A proposal from Mexico’s ruling party to allow national statistics agency personnel to enter people’s homes as part of efforts to measure their wealth has been met with widespread and firm resistance.
Alfonso Ramírez Cuéllar, national president of the Morena party, announced a proposal on Monday that seeks to give the statistics agency, Inegi, greater powers to measure wealth in Mexico. Ramírez said on Twitter that the aim was to “find out the true dimensions of inequality …”
He said that Inegi must be able to enter people’s homes to review their “real estate assets” and have access to their tax records and bank accounts “without any legal impediment.”
Under the proposal, the autonomous federal department would report on the assets held by all Mexicans every two years. Ramírez stressed in an interview that the intent was not to expropriate assets from the nation’s wealthy but merely to get a better picture of the distribution of wealth in the country.
But the proposal appears doomed to fail after President López Obrador – Morena’s founder – rejected it at his morning news conference on Tuesday.
“I don’t believe it’s right. The wealth of business people and all Mexicans has to be kept private,” he said, adding that only public servants have the obligation to declare their assets.
“I don’t believe that this proposal is advisable. So that there is not so much inequality, the best thing is for the government to help the majority of Mexicans to slowly ascend the social ladder,” López Obrador said.
“Corruption is the main cause of economic and social inequality. If there is no corruption, there won’t be inequality and there won’t be this large accumulation of resources in the hands of a few while the majority lacks the most essential things. But this [isn’t achieved] by … demanding that people say how much they have,” he said.
Ramírez’s proposal was also rejected by a range of people in academia, economics, business and politics.
National Autonomous University (UNAM) law academic Diego Valadés said that if the proposal became law, “the Mexican state would become a police state.”
“I prefer to believe that the proposal is an unpremeditated mistake,” and not a planned attack on democracy, he told the newspaper El Financiero.

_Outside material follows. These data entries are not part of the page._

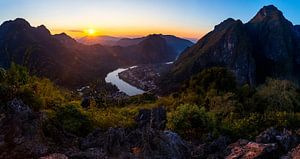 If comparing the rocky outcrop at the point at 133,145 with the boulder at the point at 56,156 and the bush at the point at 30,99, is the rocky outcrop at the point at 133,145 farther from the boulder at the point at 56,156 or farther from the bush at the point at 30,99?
the bush at the point at 30,99

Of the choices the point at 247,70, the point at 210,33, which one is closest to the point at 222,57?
the point at 247,70

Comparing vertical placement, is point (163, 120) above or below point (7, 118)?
below

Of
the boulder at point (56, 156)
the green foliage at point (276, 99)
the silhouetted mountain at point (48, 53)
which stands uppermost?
the boulder at point (56, 156)

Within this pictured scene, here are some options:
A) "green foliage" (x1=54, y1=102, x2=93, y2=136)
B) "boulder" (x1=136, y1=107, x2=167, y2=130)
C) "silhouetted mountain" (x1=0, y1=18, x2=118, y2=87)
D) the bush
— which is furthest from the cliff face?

Another UNAM law academic, María del Pilar Hernández, said the proposal is “unconstitutional” and agreed that it is reminiscent of something a police state would do. Neither the constitution nor federal laws allow for Inegi to be turned into an auditor, she said.

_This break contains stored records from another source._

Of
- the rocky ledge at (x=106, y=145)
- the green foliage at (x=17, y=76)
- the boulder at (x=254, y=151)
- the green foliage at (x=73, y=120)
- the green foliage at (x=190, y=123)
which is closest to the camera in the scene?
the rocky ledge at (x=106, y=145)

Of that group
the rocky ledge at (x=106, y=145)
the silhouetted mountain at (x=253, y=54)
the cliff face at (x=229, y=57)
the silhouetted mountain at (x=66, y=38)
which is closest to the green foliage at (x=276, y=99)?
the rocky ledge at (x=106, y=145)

Gabriel Casillas, president of the economic studies committee of the Mexican Institute of Financial Executives, expressed doubt that allowing Inegi to measure people’s wealth would help to reduce inequality, while Raymundo Tenorio, an economist, raised privacy concerns.
The leadership of three opposition parties – the Institutional Revolutionary Party, the National Action Party and the Democratic Revolution Party (PRD) – described Ramírez’s proposal as a distraction and an authoritarian move.
“What Morena is seeking to do is divert attention from national problems and criticism of the president,” said Ángel Ávila, national president of the PRD.
“Granting Inegi the powers of a Soviet commission to assess the wealth of all people would involve perverting … Inegi and letting it rot,” he said.
Before López Obrador’s denunciation of the proposal, Morena’s leader in the Senate stressed that the proposal had not been submitted to Congress and that the lawmakers of the ruling party would look at it with caution.
“As a majority we will act with political responsibility and prudence,” Ricardo Monreal said.
On Tuesday afternoon Ramírez said there was never any intention that Inegi representatives would enter people’s homes to gather the data. The information needed is already in the Ministry of Finance databases, he said, vowing to carry on with his proposal by seeking a broad consensus for it, including that of the Morena party.